Bâbu’r-rahme sahasına müzeyyen bir kürsü vaz‘ edip üzerine sesi güzel bir zatı çıkarırlar. Bu zat bir manzume-i miraciye tilavet eyler. Züvvar, tâ-be-sabah Mescidü’n-Nebi harem-i cennet-tev’eminde ibadat ve tâat eyleyerek sabah namazını kıldıktan ve tulu-i şemsi yarım saat kadar geçtikten sonra yine hecînlere süvar olarak avdetle ba‘de’l-vusul ifa-yı merasim-i tehniyet ederler. Bu ziyarete beyne’l-Arab ‘Haccu’n-Nebi’ namı verilmiştir.”
Eşhur-i hurum ve şuhur-i mukaddese ve bilhassa leyâli-i mübareke hakkında Kur’ân-ı Azîmü’ş-Şan’da pek çok evamir ve ahkâm olduğu gibi ehâdîs-i nebeviye ve kelimât-ı âliye-i ashab ve kemîn-i erbab-ı marifet mevcud ve birçok suver-i mütecelliye mebsut ve mazbut olmakla beraber Receb-i Şerif’in bir nevi ictimai ve manevi tesirât ve teamülatı hususunda mahza bais-i mahzuziyet-i cihan-kıymet-i hilafet-penah-ı a‘zamîleri olur ümniye-i abîdâne ve safiyanesiyle cehl ve nâdânî-i bendegânesine bakmayarak damen-i irfan-penahilerine kemâl-i teeddüb ve hicab ile takdim eylediğim bu hatıra-i kâsıranın lütfen karin-i iltifat kabul buyurulmasını hak-pay-i zılullahilerine yüzler sürerek isti‘tâf eyleyen muhtac-ı zerre-i iltifat-ı cihan-derecatları olan
abd-i dâim-memlûkleri
Muallim Kemâl
kulları
fî 6 Recebü’l-Ferd sene 1341
fî 22 Şubat sene 1339
[22 Şubat 1923]
Hazırlayan : Ahmed Çinar
Yayın Yeri : Şuhûr-i Mübâreke-i Selâse, Derin Tarih dergisinin 132. sayısının hediyesidir.
[1] Mustafa Sâfî (ö. 1901), çeşitli memuriyetlerde bulunmuş ve bir dönem Prens Sabahaddin’in özel hocalığını da yapmış, son dönem şairlerinden.

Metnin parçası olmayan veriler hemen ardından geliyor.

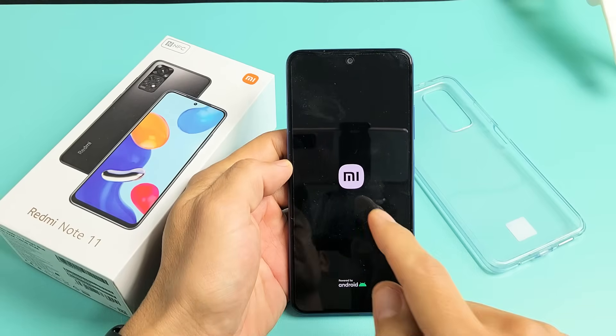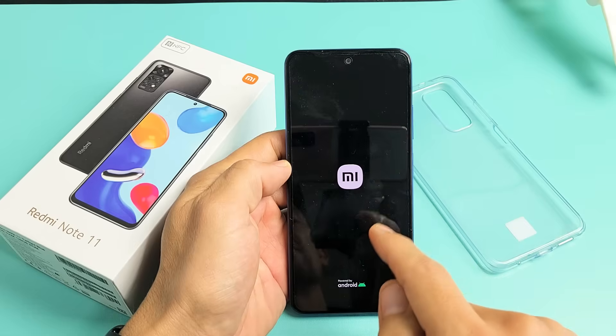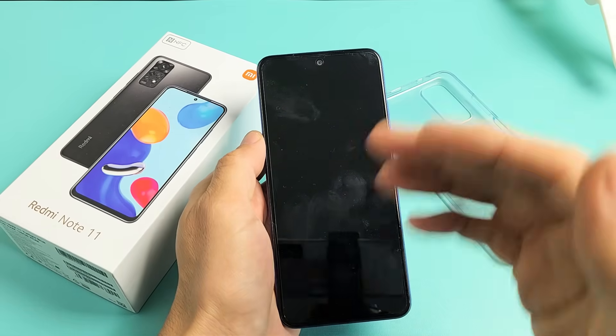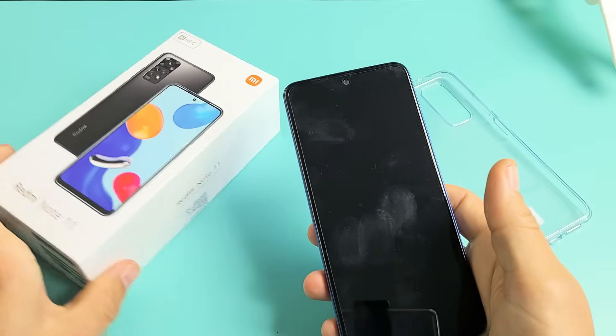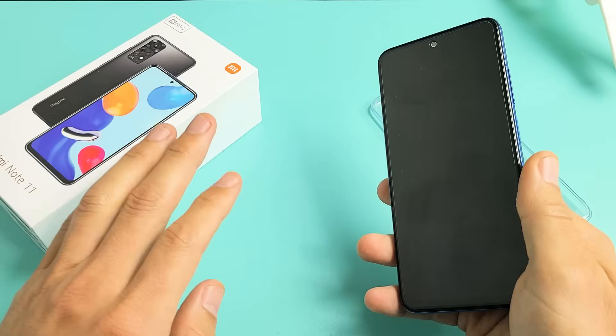So you have a Redmi Note 11, you have an issue where you're stuck in a boot loop where it's constantly restarting over and over and you keep seeing the Mi logo. Now all of these possible fixes are all easy, nothing to do with taking the phone apart. You can do it all right now at your home.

[2] Kâmûs-ı Türkî, Şemseddin Sâmi (ö. 1904) tarafından yazılan muhteva olarak en zengin ilk Türkçe sözlük.
[3] Eyüp Sabri Paşa’nın (ö. 1890) Mir’âtü’l-Haremeyn isimli eserinin Mekke’ye dair ilk cildi.
[4] Mehmed Zihni Efendi’nin (ö. 1913) daha sonra Ni‘met-i İslâm’ının namaz bölümünü teşkil eden eseri.

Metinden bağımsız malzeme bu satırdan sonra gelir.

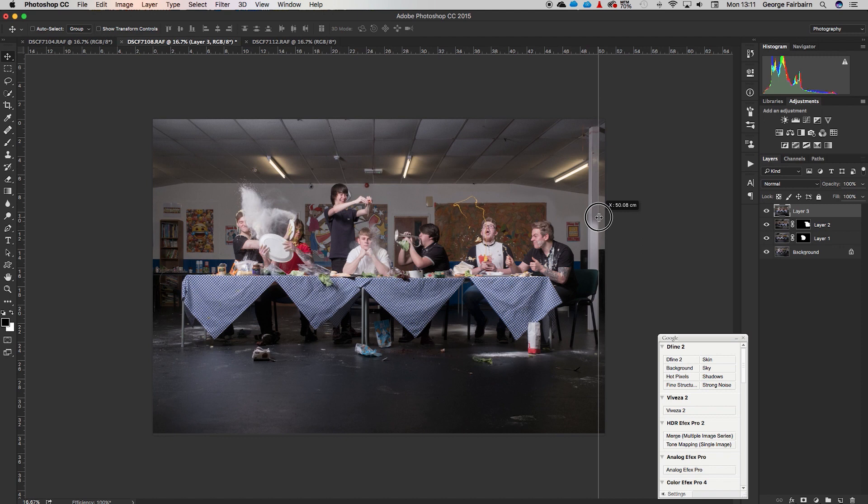Even though I know I'm going to crop this photo — I knew it from the moment I took it — I won't crop until the very end. That's mostly because I like to save a layered version and crop when done, since you can't really undo cropping. I want to save both an uncropped and a cropped version in case I want to change the crop later.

[5] İsmail Hakkı Bursevî (ö. 1725), Erbaîn-i Nebeviyye’nin beşinci hadis, olan “Her kim bizim bu işimizin (yani dinimizin) içine olmayan bir şeyi yeniden sokarsa (o yaptığı iş) merduddur, başına çalınır.” hadisinin şerhi sadedinde, İmam Nevevî’nin (ö. 1277) Riyâzu’s-Sâlihîn’de, naklettiği meşhur “Kim İslâm’da iyi bir çığır açarsa..” hadisinin ardından getirdiği görüşüne itirazen, bu meseleyi zikreder.
[6] Hanefî fakihi, muhaddis, müfessir ve kelâmcı Necmeddin Ömer en-Nesefî’nin (ö. 1142) Yâkûte fi’l-Ehâdîs isimli eseri.

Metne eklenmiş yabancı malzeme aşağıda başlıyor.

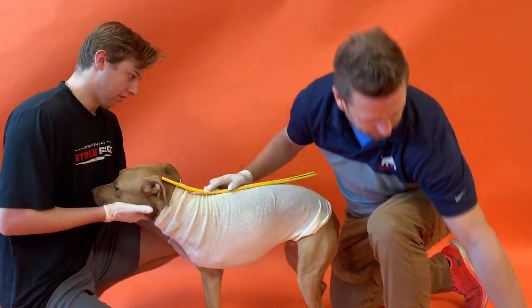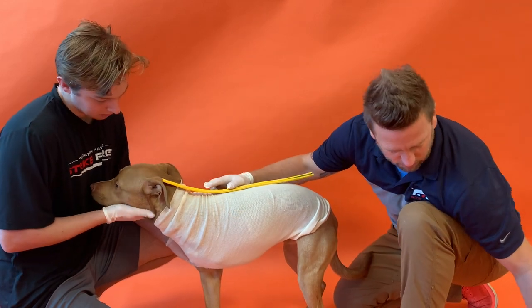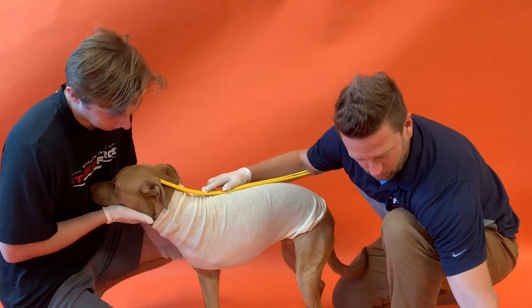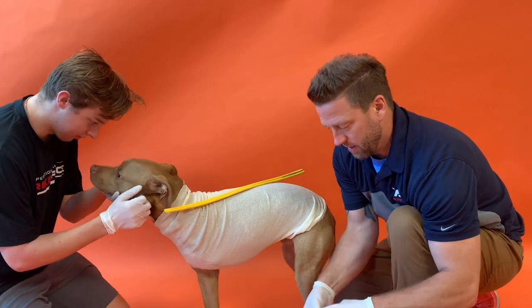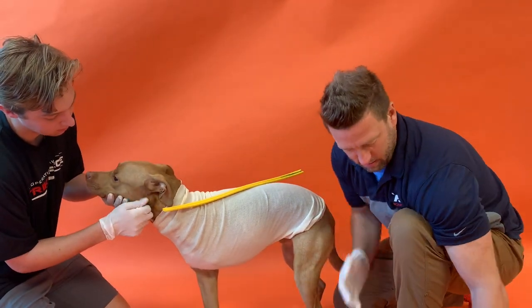Make sure to place your cut strips over the spine of the animal. Get all your casting rolls and your water bowl for dipping ready, then start wrapping circumferentially around the entire torso.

[7] Celvetiyye tarikatının kurucusu, mutasavvıf ve şair (ö. 1628).
[8] Mehmed Gülşen Efendi (ö. 1925), Hüdâyî Âsitânesi’nin son postnişinlerinden.
[9] “O kimseler ki, iman ettiler ve sâlih sâlih amellerde bulundular, onlar için Firdevs cennetleri elbette ki bir konak olmuştur.” Kehf sûresi, 107. âyet.
[10] “Allah eksik sıfatlardan münezzehtir. Hamd Allah’adır. Allah’tan başka ilah yoktur ve Allah en büyüktür. Allah’tan başkasında güç ve kudret yoktur.”
[11] Ahmed Râsim’in (ö. 1932) II. Meşrutiyet’ten önce gazetelerde dinî konularda yazdığı makalelerinden oluşan kitabı.